I chose this one specifically to practice my regex. I didn't get the zip code the same way, but still arrived at the same result.

challenge_54_mysolution.yxmd

ggruccio

Parsed it a ton!

challenge_54_gg_finish.yxmd

LandonG

Solution attached.

challenge_54_start_file.yxmd

philipmannering

Here's my solution. The regex is necessarily clumsy to parse out the street name.

Spoiler

challenge_54 - Data Prep with Address Parsing.yxmd

jasperlch

Solution attached.

challenge_54_JL.yxmd

paul_houghton

Got myself tied up on how to identify the street dynamically, in the end just did it manually.

Spoiler

challenge_54.yxzp

blairmbailey

Solution attached - thank you!

challenge_54_BB.yxmd

Suzanne

this solution isn't the most efficient but it works -:)

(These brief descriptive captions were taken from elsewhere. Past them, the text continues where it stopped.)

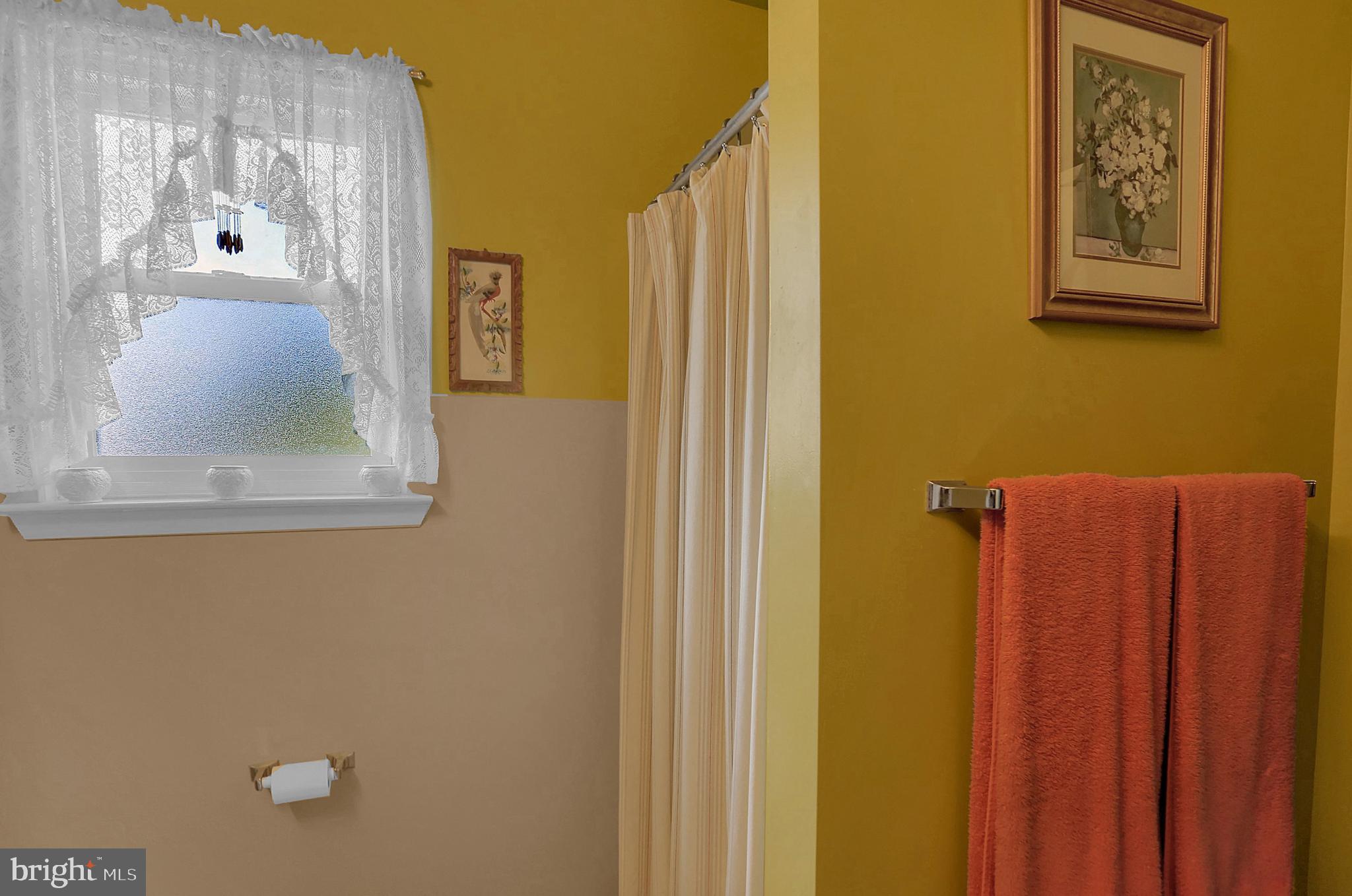 442 Springhouse Road Harrisburg, PA 17111 - Photo 21 of 40 Gallery Image 21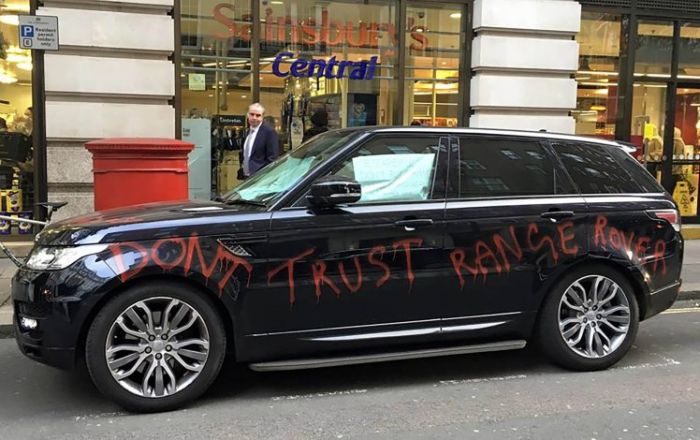 Range Rover Owner Damages His Car And Leaves It Outside The Dealership (4 pics)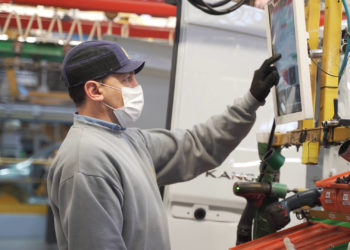 Renault incrementa la producción en su fábrica de Córdoba y abre nuevos empleos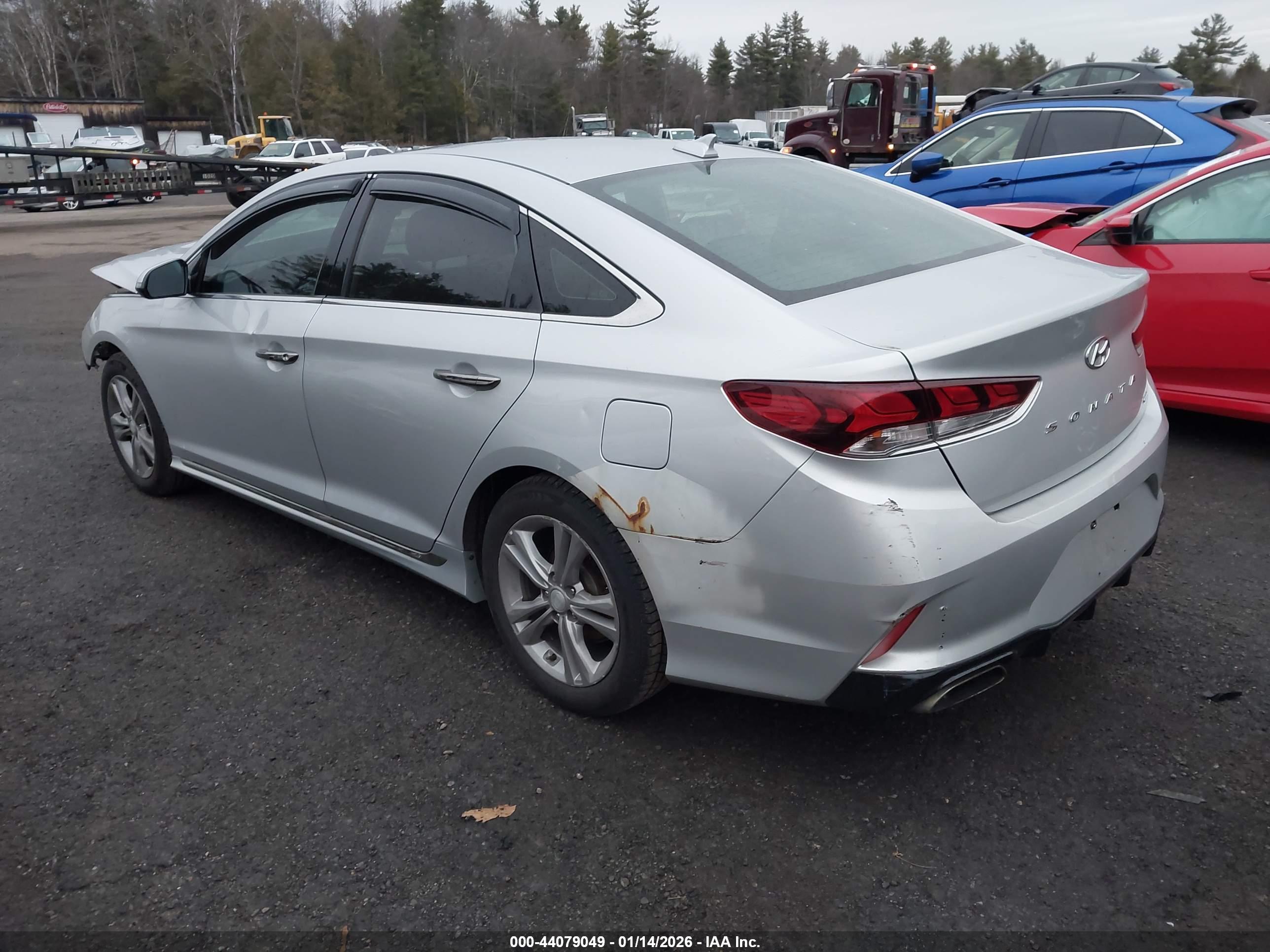 HYUNDAI SONATA image 3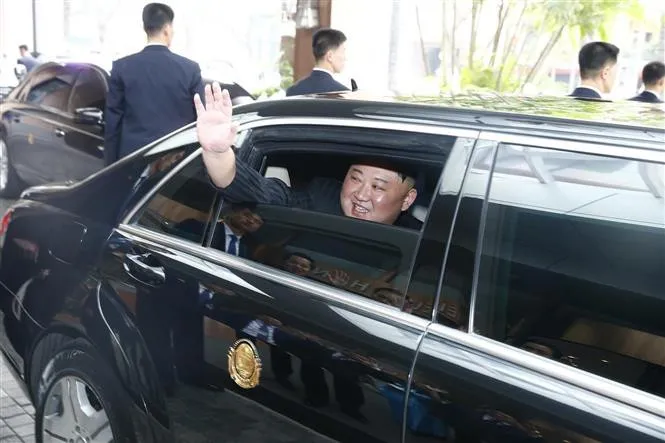 Chủ tịch Triều Tiên Kim Jong-un rời Hà Nội - Ảnh 3. Chủ tịch Triều Tiên Kim Jong-un rời Hà Nội - Ảnh 3.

challenge_54_Suzanne_file.yxmd

msicak

if I can have a late Christmas present I want Regex skillz. The solution works but is by no means as flexible as some of the others here.

Spoiler

challenge_54_MS.yxmd

BrendaS

I didn't like the manual entry portion, but I couldn't figure out any good way around it.

challenge_54_Brendas solution.yxmd

derekbelyea

Spoiler

challenge_54_JDB_AnalytixStudio.yxmd

JosephSerpis

Challenge Completed

Challenge_54_Joe_Serpis.yxmd

TeePee

Spoiler

I found this one very tricky. In the end, I had to use a bit of a hack by manually adding a couple of the cities to a master list of cities which I took from the census bureau website. I've also added a double-check: if the data set increases and there are more cities which aren't present in the census bureau list, they will be marked as "unknown" so the Alteryx user can add the cities to the master list. Not very elegant, but it works.

challenge_54_start_file_TP.yxmd

dsmdavid

Regex + Data Cleansing. For a larger dataset a lookup for streets, alleys, circles, etc. would be needed --for this one I thought it was ok to hardcode the couple present.

Spoiler

solved#54.yxmd

ewelch531

i decided to parse out street address too so I could learn a little more regex

challenge_54_ElizabethBillingsWelch.yxmd

pasccout

Here is my solution... based it on the list of cities and counties from the following web site...

https://simplemaps.com/data/us-cities

challenge_54_my_solution.yxmd

AntonioGonzales

Dear @mceleavey,

Hope you are very well.

I just want to thank you a lot for this workflow!

My mind is bubbling with it. :-)

I got a Google API key (my first time using Google APIs) and I'm testing your workflow and finally, I am starting to understand when I have to use '?' in my regex.